** Opening Available records block **

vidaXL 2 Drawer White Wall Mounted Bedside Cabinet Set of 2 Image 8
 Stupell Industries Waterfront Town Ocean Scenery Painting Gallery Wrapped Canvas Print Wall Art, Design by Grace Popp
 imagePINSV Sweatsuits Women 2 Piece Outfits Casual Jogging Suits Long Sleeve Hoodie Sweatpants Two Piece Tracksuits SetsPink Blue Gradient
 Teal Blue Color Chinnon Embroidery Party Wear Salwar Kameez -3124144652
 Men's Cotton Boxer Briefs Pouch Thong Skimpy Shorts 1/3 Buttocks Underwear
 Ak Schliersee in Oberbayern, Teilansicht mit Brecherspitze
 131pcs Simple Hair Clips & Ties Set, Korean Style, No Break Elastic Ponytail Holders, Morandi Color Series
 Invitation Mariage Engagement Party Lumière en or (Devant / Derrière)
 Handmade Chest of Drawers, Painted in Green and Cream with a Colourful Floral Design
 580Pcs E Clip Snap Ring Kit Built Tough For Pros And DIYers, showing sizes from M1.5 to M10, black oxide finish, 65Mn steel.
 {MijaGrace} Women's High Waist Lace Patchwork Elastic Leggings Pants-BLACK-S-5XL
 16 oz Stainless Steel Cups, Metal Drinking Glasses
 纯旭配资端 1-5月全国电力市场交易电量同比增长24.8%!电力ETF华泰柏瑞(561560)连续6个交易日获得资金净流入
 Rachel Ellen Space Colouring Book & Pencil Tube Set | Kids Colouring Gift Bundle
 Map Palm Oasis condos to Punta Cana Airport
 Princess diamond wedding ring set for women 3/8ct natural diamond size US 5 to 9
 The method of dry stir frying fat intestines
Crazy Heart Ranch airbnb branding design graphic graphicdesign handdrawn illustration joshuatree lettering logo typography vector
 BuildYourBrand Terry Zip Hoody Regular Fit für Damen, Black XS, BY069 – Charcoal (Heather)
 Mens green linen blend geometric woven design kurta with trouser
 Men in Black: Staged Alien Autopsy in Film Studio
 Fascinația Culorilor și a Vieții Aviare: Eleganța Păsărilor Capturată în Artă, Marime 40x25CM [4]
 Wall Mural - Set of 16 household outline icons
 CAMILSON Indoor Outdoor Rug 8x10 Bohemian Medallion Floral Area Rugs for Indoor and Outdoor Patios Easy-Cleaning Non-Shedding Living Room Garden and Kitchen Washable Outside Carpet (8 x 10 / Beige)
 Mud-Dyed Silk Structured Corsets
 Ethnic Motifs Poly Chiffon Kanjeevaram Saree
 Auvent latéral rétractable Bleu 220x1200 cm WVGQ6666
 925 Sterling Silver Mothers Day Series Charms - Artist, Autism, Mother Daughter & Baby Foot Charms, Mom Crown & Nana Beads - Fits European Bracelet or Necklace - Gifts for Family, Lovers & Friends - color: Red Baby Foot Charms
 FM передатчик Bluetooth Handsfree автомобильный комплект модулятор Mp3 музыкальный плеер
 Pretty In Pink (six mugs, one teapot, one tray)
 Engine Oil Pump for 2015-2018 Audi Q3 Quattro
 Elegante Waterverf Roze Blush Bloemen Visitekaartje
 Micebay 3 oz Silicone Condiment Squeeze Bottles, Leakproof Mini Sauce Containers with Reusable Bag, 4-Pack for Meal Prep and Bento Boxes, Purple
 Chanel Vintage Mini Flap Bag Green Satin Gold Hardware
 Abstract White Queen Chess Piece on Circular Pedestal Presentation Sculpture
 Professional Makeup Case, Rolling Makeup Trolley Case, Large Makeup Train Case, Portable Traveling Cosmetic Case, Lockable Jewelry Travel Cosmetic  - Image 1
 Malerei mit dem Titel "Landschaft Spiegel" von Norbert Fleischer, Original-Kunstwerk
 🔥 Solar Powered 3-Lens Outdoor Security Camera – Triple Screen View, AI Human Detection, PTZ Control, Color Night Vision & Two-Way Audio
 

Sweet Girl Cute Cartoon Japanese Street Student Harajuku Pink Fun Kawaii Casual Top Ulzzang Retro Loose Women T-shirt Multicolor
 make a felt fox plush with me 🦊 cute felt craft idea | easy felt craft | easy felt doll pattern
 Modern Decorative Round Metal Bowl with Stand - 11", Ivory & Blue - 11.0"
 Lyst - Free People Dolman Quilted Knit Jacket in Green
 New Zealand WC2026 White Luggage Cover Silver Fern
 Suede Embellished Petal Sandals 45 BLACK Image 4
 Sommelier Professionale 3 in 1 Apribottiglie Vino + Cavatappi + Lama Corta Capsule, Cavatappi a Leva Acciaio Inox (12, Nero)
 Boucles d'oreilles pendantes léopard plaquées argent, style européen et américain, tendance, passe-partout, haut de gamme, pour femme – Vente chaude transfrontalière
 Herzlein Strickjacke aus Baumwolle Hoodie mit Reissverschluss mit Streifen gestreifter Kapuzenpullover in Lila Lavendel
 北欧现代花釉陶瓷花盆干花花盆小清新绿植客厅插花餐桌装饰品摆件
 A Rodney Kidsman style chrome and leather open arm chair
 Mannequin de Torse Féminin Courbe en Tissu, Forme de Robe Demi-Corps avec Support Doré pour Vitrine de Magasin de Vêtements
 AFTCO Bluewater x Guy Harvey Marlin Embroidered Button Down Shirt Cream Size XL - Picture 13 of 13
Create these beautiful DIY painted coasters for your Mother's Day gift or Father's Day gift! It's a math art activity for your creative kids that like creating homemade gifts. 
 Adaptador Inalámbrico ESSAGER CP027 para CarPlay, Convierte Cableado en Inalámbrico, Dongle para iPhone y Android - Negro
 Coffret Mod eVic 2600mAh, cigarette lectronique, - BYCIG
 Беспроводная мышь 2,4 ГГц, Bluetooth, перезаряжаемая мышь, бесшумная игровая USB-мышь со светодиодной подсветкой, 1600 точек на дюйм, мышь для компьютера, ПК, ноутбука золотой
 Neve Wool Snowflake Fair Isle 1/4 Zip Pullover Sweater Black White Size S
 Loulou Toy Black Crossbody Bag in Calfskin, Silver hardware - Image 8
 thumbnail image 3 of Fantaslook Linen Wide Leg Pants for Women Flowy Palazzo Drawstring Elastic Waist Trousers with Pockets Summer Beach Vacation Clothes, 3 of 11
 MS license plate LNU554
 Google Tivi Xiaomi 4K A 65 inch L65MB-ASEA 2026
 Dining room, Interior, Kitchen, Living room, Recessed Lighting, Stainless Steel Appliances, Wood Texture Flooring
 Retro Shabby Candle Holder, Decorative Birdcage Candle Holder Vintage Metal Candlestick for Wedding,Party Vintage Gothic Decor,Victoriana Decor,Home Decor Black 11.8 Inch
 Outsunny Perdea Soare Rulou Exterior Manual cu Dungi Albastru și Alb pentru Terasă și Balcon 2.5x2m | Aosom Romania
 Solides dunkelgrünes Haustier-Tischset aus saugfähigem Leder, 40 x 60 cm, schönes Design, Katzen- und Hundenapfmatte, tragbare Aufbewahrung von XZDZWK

** Closing Available records block **

- [Problem statement]
Output the data above exactly, please, line for line.

- [Result of the task]
vidaXL 2 Drawer White Wall Mounted Bedside Cabinet Set of 2 Image 8
 Stupell Industries Waterfront Town Ocean Scenery Painting Gallery Wrapped Canvas Print Wall Art, Design by Grace Popp
 imagePINSV Sweatsuits Women 2 Piece Outfits Casual Jogging Suits Long Sleeve Hoodie Sweatpants Two Piece Tracksuits SetsPink Blue Gradient
 Teal Blue Color Chinnon Embroidery Party Wear Salwar Kameez -3124144652
 Men's Cotton Boxer Briefs Pouch Thong Skimpy Shorts 1/3 Buttocks Underwear
 Ak Schliersee in Oberbayern, Teilansicht mit Brecherspitze
 131pcs Simple Hair Clips & Ties Set, Korean Style, No Break Elastic Ponytail Holders, Morandi Color Series
 Invitation Mariage Engagement Party Lumière en or (Devant / Derrière)
 Handmade Chest of Drawers, Painted in Green and Cream with a Colourful Floral Design
 580Pcs E Clip Snap Ring Kit Built Tough For Pros And DIYers, showing sizes from M1.5 to M10, black oxide finish, 65Mn steel.
 {MijaGrace} Women's High Waist Lace Patchwork Elastic Leggings Pants-BLACK-S-5XL
 16 oz Stainless Steel Cups, Metal Drinking Glasses
 纯旭配资端 1-5月全国电力市场交易电量同比增长24.8%!电力ETF华泰柏瑞(561560)连续6个交易日获得资金净流入
 Rachel Ellen Space Colouring Book & Pencil Tube Set | Kids Colouring Gift Bundle
 Map Palm Oasis condos to Punta Cana Airport
 Princess diamond wedding ring set for women 3/8ct natural diamond size US 5 to 9
 The method of dry stir frying fat intestines
Crazy Heart Ranch airbnb branding design graphic graphicdesign handdrawn illustration joshuatree lettering logo typography vector
 BuildYourBrand Terry Zip Hoody Regular Fit für Damen, Black XS, BY069 – Charcoal (Heather)
 Mens green linen blend geometric woven design kurta with trouser
 Men in Black: Staged Alien Autopsy in Film Studio
 Fascinația Culorilor și a Vieții Aviare: Eleganța Păsărilor Capturată în Artă, Marime 40x25CM [4]
 Wall Mural - Set of 16 household outline icons
 CAMILSON Indoor Outdoor Rug 8x10 Bohemian Medallion Floral Area Rugs for Indoor and Outdoor Patios Easy-Cleaning Non-Shedding Living Room Garden and Kitchen Washable Outside Carpet (8 x 10 / Beige)
 Mud-Dyed Silk Structured Corsets
 Ethnic Motifs Poly Chiffon Kanjeevaram Saree
 Auvent latéral rétractable Bleu 220x1200 cm WVGQ6666
 925 Sterling Silver Mothers Day Series Charms - Artist, Autism, Mother Daughter & Baby Foot Charms, Mom Crown & Nana Beads - Fits European Bracelet or Necklace - Gifts for Family, Lovers & Friends - color: Red Baby Foot Charms
 FM передатчик Bluetooth Handsfree автомобильный комплект модулятор Mp3 музыкальный плеер
 Pretty In Pink (six mugs, one teapot, one tray)
 Engine Oil Pump for 2015-2018 Audi Q3 Quattro
 Elegante Waterverf Roze Blush Bloemen Visitekaartje
 Micebay 3 oz Silicone Condiment Squeeze Bottles, Leakproof Mini Sauce Containers with Reusable Bag, 4-Pack for Meal Prep and Bento Boxes, Purple
 Chanel Vintage Mini Flap Bag Green Satin Gold Hardware
 Abstract White Queen Chess Piece on Circular Pedestal Presentation Sculpture
 Professional Makeup Case, Rolling Makeup Trolley Case, Large Makeup Train Case, Portable Traveling Cosmetic Case, Lockable Jewelry Travel Cosmetic  - Image 1
 Malerei mit dem Titel "Landschaft Spiegel" von Norbert Fleischer, Original-Kunstwerk
 🔥 Solar Powered 3-Lens Outdoor Security Camera – Triple Screen View, AI Human Detection, PTZ Control, Color Night Vision & Two-Way Audio
 

Sweet Girl Cute Cartoon Japanese Street Student Harajuku Pink Fun Kawaii Casual Top Ulzzang Retro Loose Women T-shirt Multicolor
 make a felt fox plush with me 🦊 cute felt craft idea | easy felt craft | easy felt doll pattern
 Modern Decorative Round Metal Bowl with Stand - 11", Ivory & Blue - 11.0"
 Lyst - Free People Dolman Quilted Knit Jacket in Green
 New Zealand WC2026 White Luggage Cover Silver Fern
 Suede Embellished Petal Sandals 45 BLACK Image 4
 Sommelier Professionale 3 in 1 Apribottiglie Vino + Cavatappi + Lama Corta Capsule, Cavatappi a Leva Acciaio Inox (12, Nero)
 Boucles d'oreilles pendantes léopard plaquées argent, style européen et américain, tendance, passe-partout, haut de gamme, pour femme – Vente chaude transfrontalière
 Herzlein Strickjacke aus Baumwolle Hoodie mit Reissverschluss mit Streifen gestreifter Kapuzenpullover in Lila Lavendel
 北欧现代花釉陶瓷花盆干花花盆小清新绿植客厅插花餐桌装饰品摆件
 A Rodney Kidsman style chrome and leather open arm chair
 Mannequin de Torse Féminin Courbe en Tissu, Forme de Robe Demi-Corps avec Support Doré pour Vitrine de Magasin de Vêtements
 AFTCO Bluewater x Guy Harvey Marlin Embroidered Button Down Shirt Cream Size XL - Picture 13 of 13
Create these beautiful DIY painted coasters for your Mother's Day gift or Father's Day gift! It's a math art activity for your creative kids that like creating homemade gifts. 
 Adaptador Inalámbrico ESSAGER CP027 para CarPlay, Convierte Cableado en Inalámbrico, Dongle para iPhone y Android - Negro
 Coffret Mod eVic 2600mAh, cigarette lectronique, - BYCIG
 Беспроводная мышь 2,4 ГГц, Bluetooth, перезаряжаемая мышь, бесшумная игровая USB-мышь со светодиодной подсветкой, 1600 точек на дюйм, мышь для компьютера, ПК, ноутбука золотой
 Neve Wool Snowflake Fair Isle 1/4 Zip Pullover Sweater Black White Size S
 Loulou Toy Black Crossbody Bag in Calfskin, Silver hardware - Image 8
 thumbnail image 3 of Fantaslook Linen Wide Leg Pants for Women Flowy Palazzo Drawstring Elastic Waist Trousers with Pockets Summer Beach Vacation Clothes, 3 of 11
 MS license plate LNU554
 Google Tivi Xiaomi 4K A 65 inch L65MB-ASEA 2026
 Dining room, Interior, Kitchen, Living room, Recessed Lighting, Stainless Steel Appliances, Wood Texture Flooring
 Retro Shabby Candle Holder, Decorative Birdcage Candle Holder Vintage Metal Candlestick for Wedding,Party Vintage Gothic Decor,Victoriana Decor,Home Decor Black 11.8 Inch
 Outsunny Perdea Soare Rulou Exterior Manual cu Dungi Albastru și Alb pentru Terasă și Balcon 2.5x2m | Aosom Romania
 Solides dunkelgrünes Haustier-Tischset aus saugfähigem Leder, 40 x 60 cm, schönes Design, Katzen- und Hundenapfmatte, tragbare Aufbewahrung von XZDZWK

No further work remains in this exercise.